Le conflit prend désormais une tournure politique. En décembre, la ministre de la Culture Rachida Dati avait déjà dénoncé un contournement de la législation, promettant une réaction. Le Syndicat de la librairie française (SLF), quant à lui, accuse la firme US d’une stratégie de vente à perte visant à affaiblir les libraires. Forcément, Amazon dénonce une lecture biaisée du droit applicable dans les avis rendus par le Médiateur.

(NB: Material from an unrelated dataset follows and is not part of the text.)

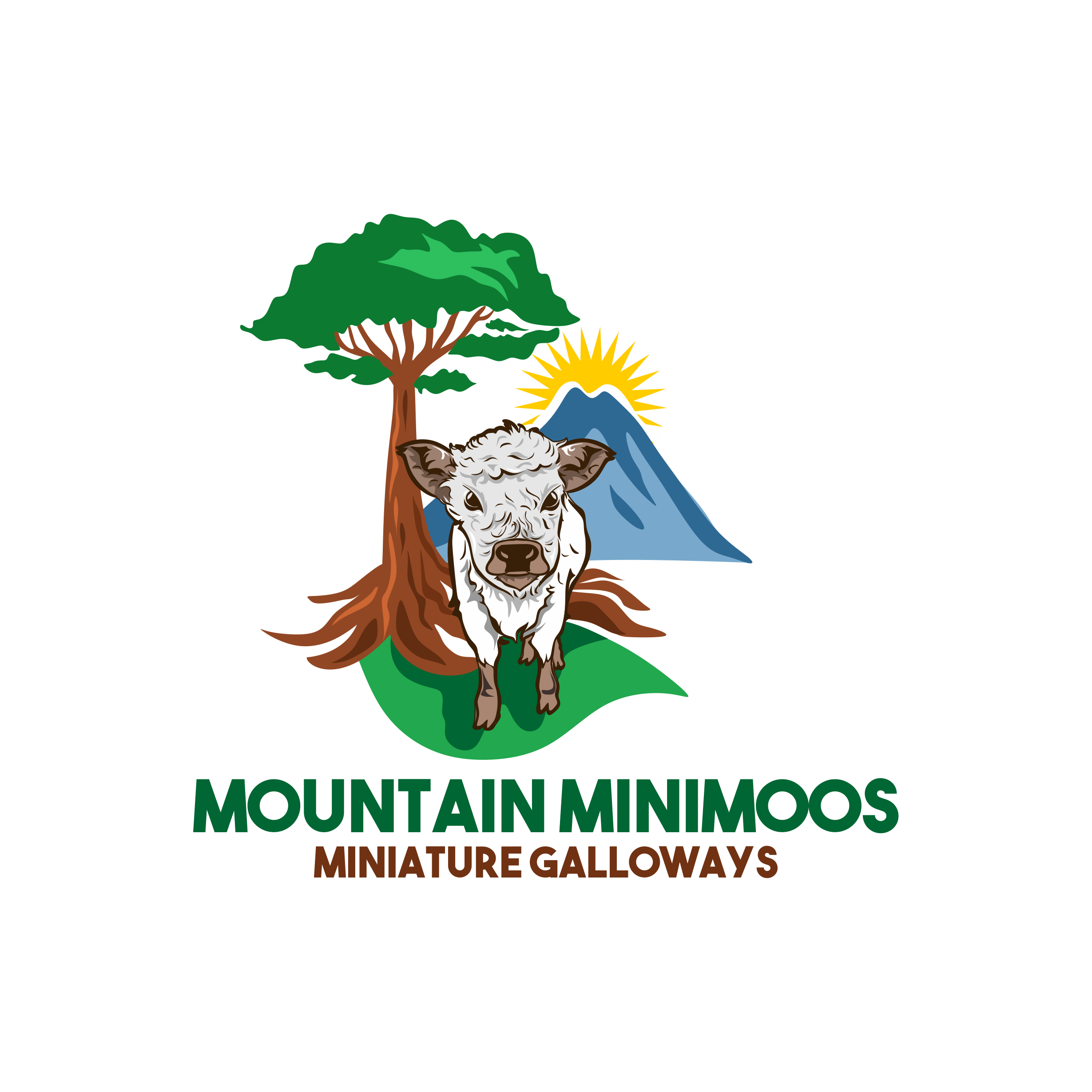 Logo Design by hernawanrere for this project | Design #26816652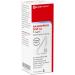 Aliud Pharma Sineal Nasal Spray 1 mg/ml - 15 ml Decongestant for Runny & Clogged Nose | Fast International Shipping - Buy Online on GoSupps.com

L’échec de la médiation ouvre désormais la voie à une action en justice. Par ailleurs, la Cour de justice de l’Union européenne doit prochainement se prononcer sur la compatibilité de la loi française de 2021 sur l’économie du livre avec le droit européen. En effet, Amazon affirme que cette loi viole les règles du marché unique en restreignant la liberté de concurrence. Pour la France, il s’agit de défendre un modèle culturel et économique unique, où le livre n’est pas une marchandise comme une autre. Le pays revendique une forme d’exception culturelle pour soutenir ses libraires indépendants.

Dans tous les cas, ce conflit d'interprétation intervient dans un contexte morose pour le secteur. Les perspectives pour 2025 sont tout aussi incertaines, renforçant l’inquiétude des professionnels face à la pression croissante exercée par les géants du numérique.